**Task directions:** This task calls for the lines below starting at the one containing "American Bully Puppies" and ending at the one containing "Unisex Sparker 2.0 heavy t-shirt (STTU171)", repeated exactly with both ends kept and pictures left out.

:: Supplied information ::

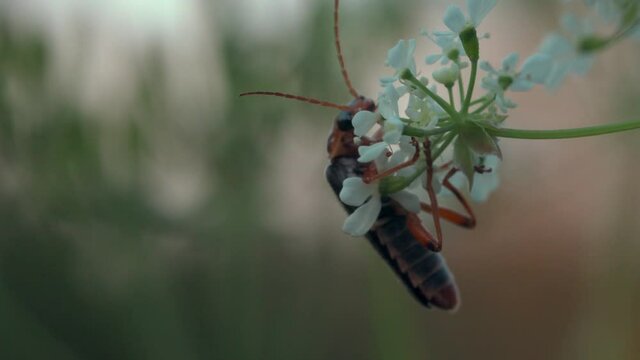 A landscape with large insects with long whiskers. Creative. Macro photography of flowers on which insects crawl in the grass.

:::
:: Supplied information ::

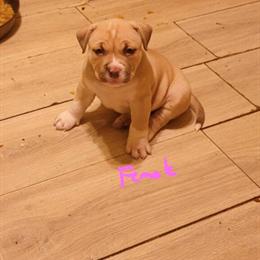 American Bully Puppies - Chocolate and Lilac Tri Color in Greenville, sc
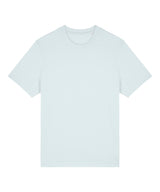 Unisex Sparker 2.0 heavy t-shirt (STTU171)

:::

**Worked solution:**
 American Bully Puppies - Chocolate and Lilac Tri Color in Greenville, sc
 Unisex Sparker 2.0 heavy t-shirt (STTU171)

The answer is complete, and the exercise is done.